◆ Assignment ◆
Should a picture appear anywhere in the data, omit it and copy everything else exactly.

◆ Provided material ◆
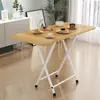 Mesa plegable simple para hogar, apartamento pequeño, mesa para comer pequeña, mesa de estudio para estudiantes, dormitorio, portátil, doble barra, mesa de flexiones de suelo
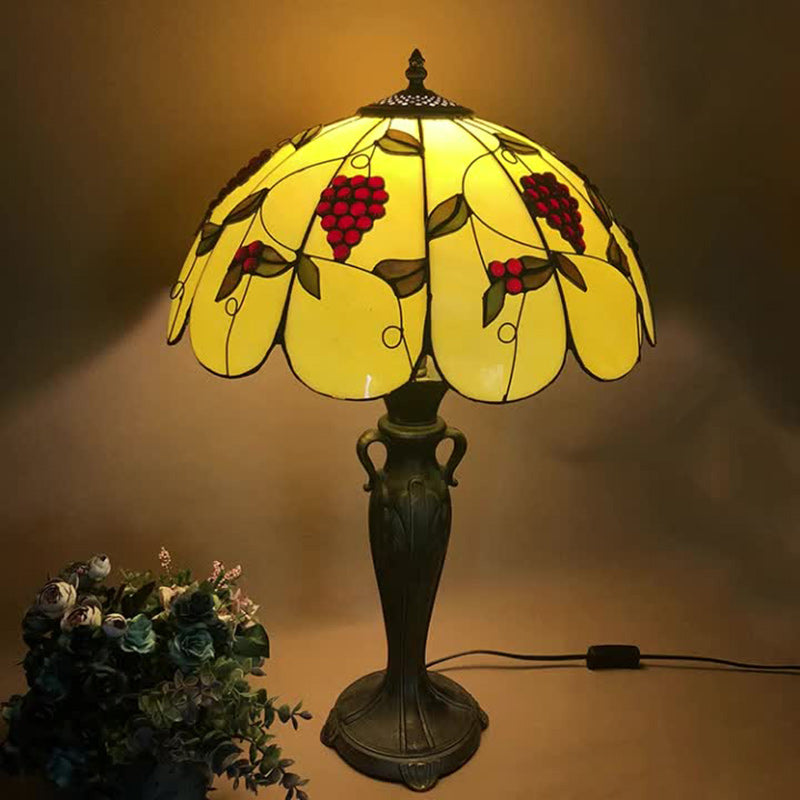 Traditional Tiffany Umbrella Round Glass Resin 1-Light Table Lamp For Living Room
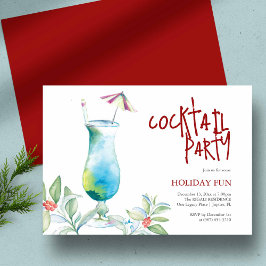 Invitación Navidades Fiesta Watercolor Cóctel tropical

◆ Written solution ◆
 Mesa plegable simple para hogar, apartamento pequeño, mesa para comer pequeña, mesa de estudio para estudiantes, dormitorio, portátil, doble barra, mesa de flexiones de suelo
 Traditional Tiffany Umbrella Round Glass Resin 1-Light Table Lamp For Living Room
 Invitación Navidades Fiesta Watercolor Cóctel tropical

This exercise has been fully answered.